WHAT TO WORK ON
Wherever pictures appear in the listing below, leave them out, and copy exactly, and only, everything from the line with "Foto mostra várias" down to the line with "14409 Sandifer Street".

PROVIDED MATERIAL
BEGIN
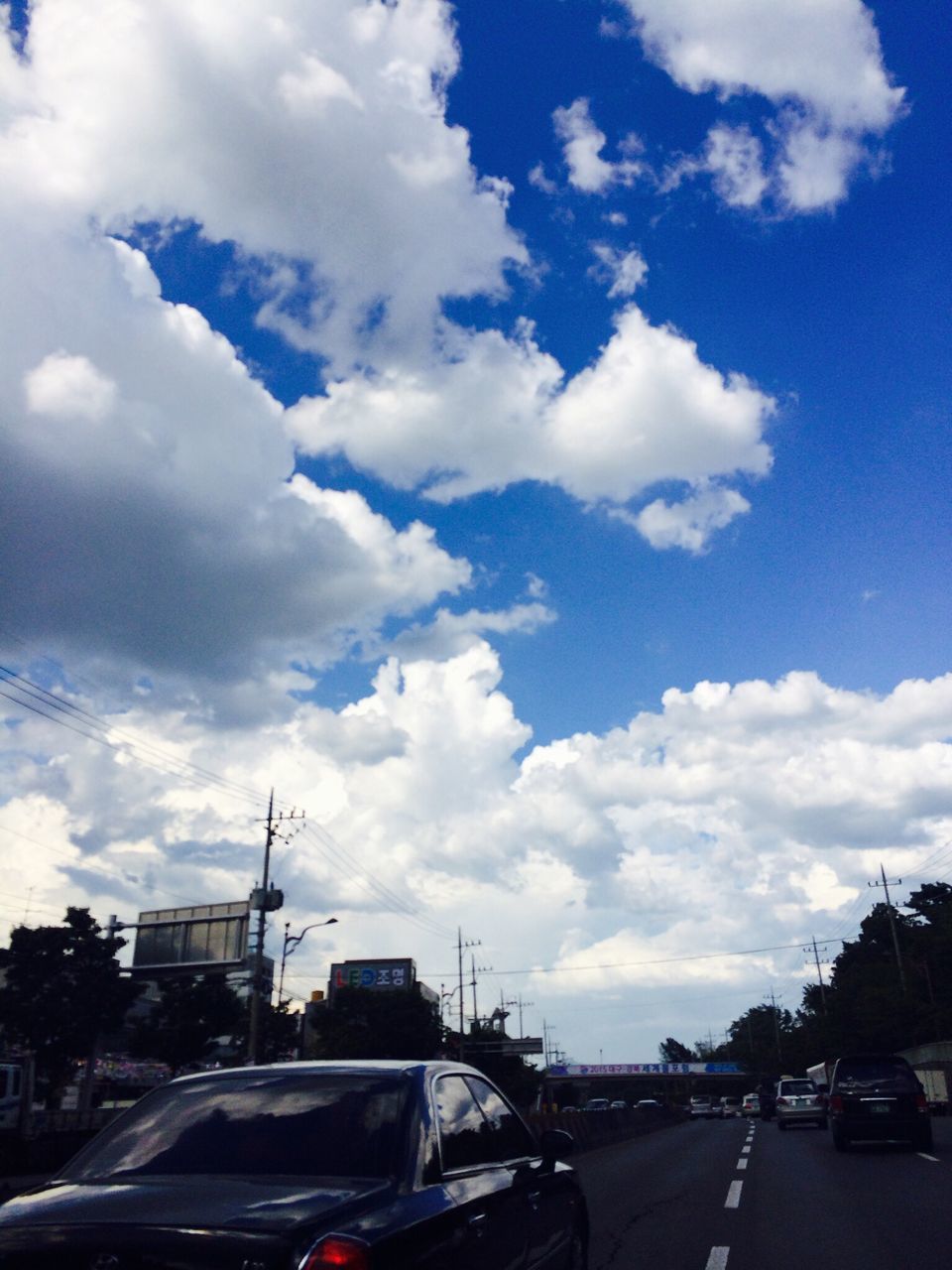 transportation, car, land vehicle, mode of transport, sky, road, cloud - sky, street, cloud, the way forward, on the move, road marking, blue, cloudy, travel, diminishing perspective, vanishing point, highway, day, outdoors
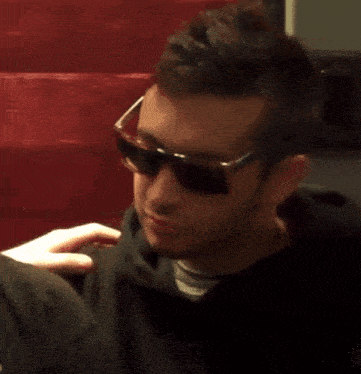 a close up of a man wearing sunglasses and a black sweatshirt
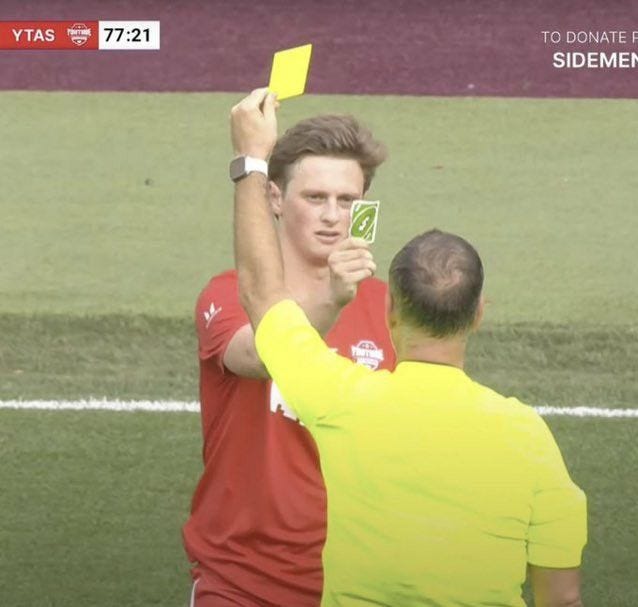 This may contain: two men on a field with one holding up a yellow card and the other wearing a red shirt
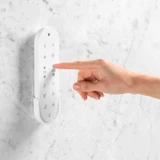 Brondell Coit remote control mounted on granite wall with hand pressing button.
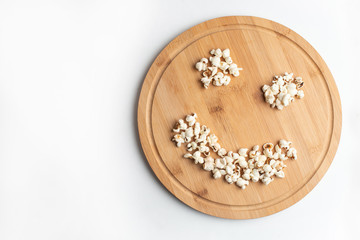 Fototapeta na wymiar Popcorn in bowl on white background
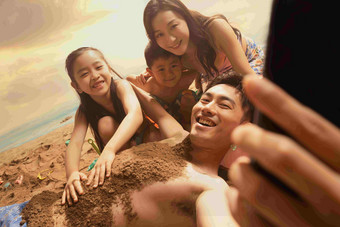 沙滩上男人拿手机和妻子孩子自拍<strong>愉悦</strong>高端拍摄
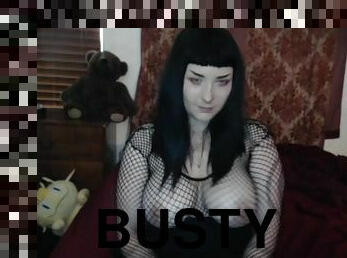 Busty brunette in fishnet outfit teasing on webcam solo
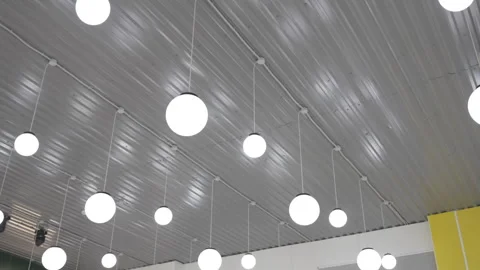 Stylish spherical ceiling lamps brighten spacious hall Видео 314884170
END
BEGIN
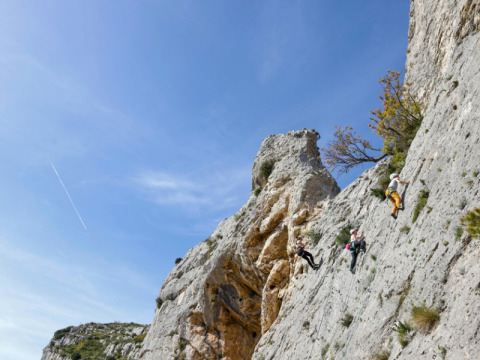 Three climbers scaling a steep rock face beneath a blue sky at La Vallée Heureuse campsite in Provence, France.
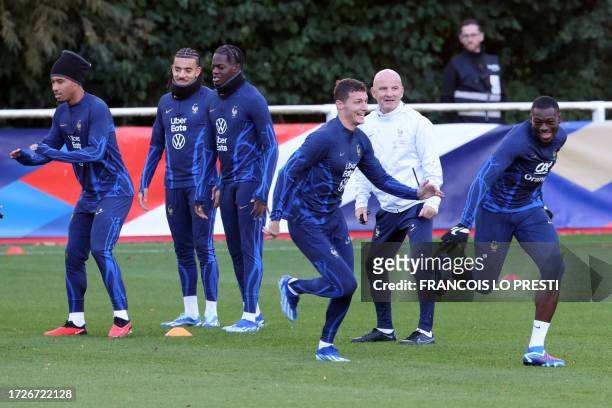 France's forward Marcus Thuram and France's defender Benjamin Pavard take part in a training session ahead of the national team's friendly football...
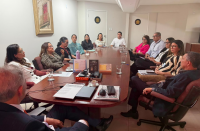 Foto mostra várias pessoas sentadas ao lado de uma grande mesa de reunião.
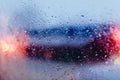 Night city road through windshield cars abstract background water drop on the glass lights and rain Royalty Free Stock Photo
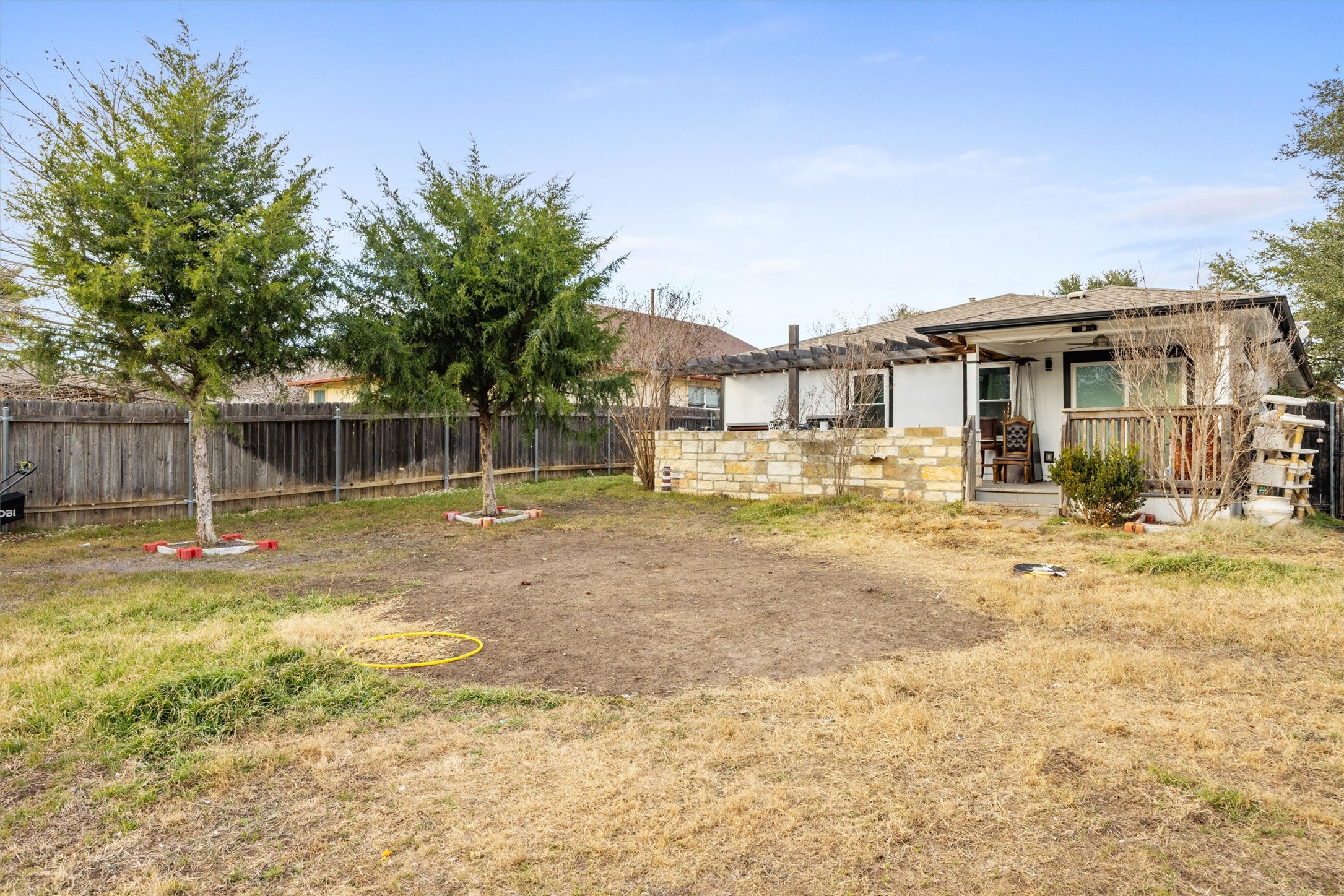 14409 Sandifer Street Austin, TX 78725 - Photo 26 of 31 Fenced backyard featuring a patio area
END
BEGIN
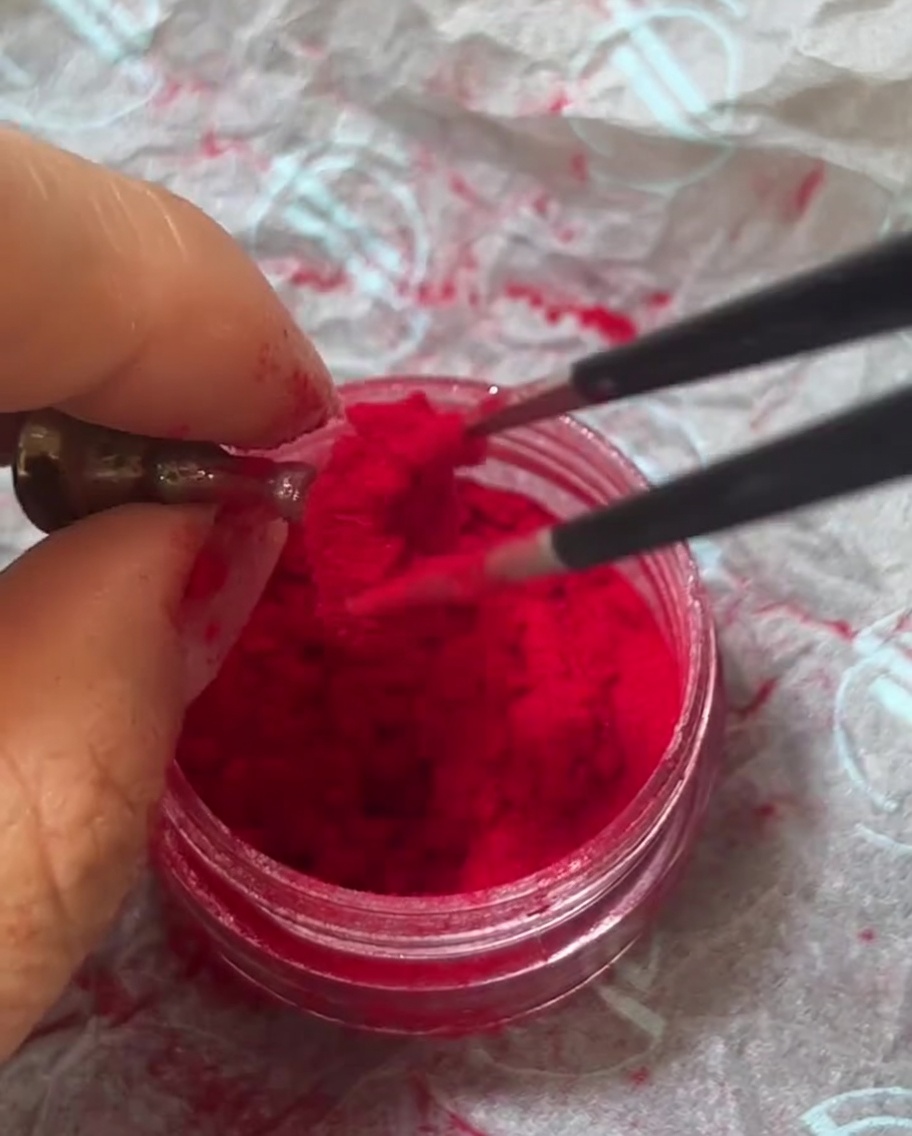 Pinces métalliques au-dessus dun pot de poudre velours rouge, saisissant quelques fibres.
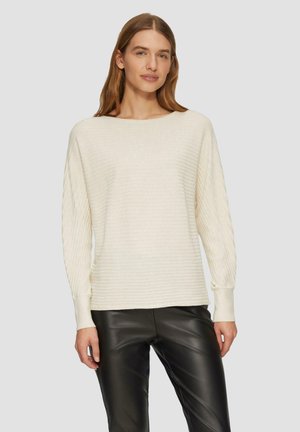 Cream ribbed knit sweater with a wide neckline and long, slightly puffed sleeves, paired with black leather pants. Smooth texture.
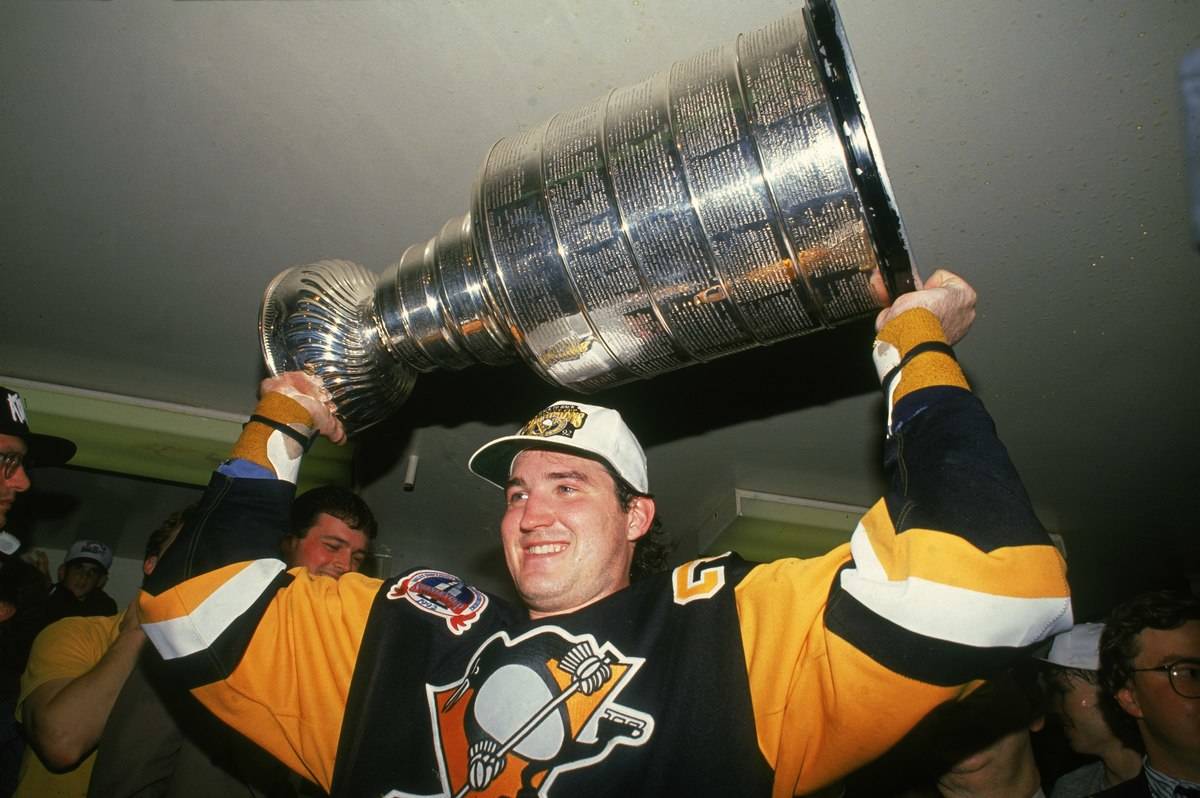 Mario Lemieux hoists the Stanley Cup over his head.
END
EXPECTED ANSWER
 Foto mostra várias pessoas sentadas ao lado de uma grande mesa de reunião.
 Night city road through windshield cars abstract background water drop on the glass lights and rain Royalty Free Stock Photo
 14409 Sandifer Street Austin, TX 78725 - Photo 26 of 31 Fenced backyard featuring a patio area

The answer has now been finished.